== Input
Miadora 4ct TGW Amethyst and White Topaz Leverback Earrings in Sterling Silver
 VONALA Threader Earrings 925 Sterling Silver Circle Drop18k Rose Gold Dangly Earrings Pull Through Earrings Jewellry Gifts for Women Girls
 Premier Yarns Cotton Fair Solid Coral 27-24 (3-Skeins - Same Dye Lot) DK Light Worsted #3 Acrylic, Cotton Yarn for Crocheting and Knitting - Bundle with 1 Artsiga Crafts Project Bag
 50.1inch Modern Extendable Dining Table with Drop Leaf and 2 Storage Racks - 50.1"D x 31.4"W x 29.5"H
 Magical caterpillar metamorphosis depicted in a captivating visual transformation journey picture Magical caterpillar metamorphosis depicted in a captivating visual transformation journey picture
====
## Assignment
Start with the line that contains "Premier Yarns Cotton", end with the last line of the entries, and please retype every line in that span exactly, with no others.

## Result of the exercise
 Premier Yarns Cotton Fair Solid Coral 27-24 (3-Skeins - Same Dye Lot) DK Light Worsted #3 Acrylic, Cotton Yarn for Crocheting and Knitting - Bundle with 1 Artsiga Crafts Project Bag
 50.1inch Modern Extendable Dining Table with Drop Leaf and 2 Storage Racks - 50.1"D x 31.4"W x 29.5"H
 Magical caterpillar metamorphosis depicted in a captivating visual transformation journey picture Magical caterpillar metamorphosis depicted in a captivating visual transformation journey picture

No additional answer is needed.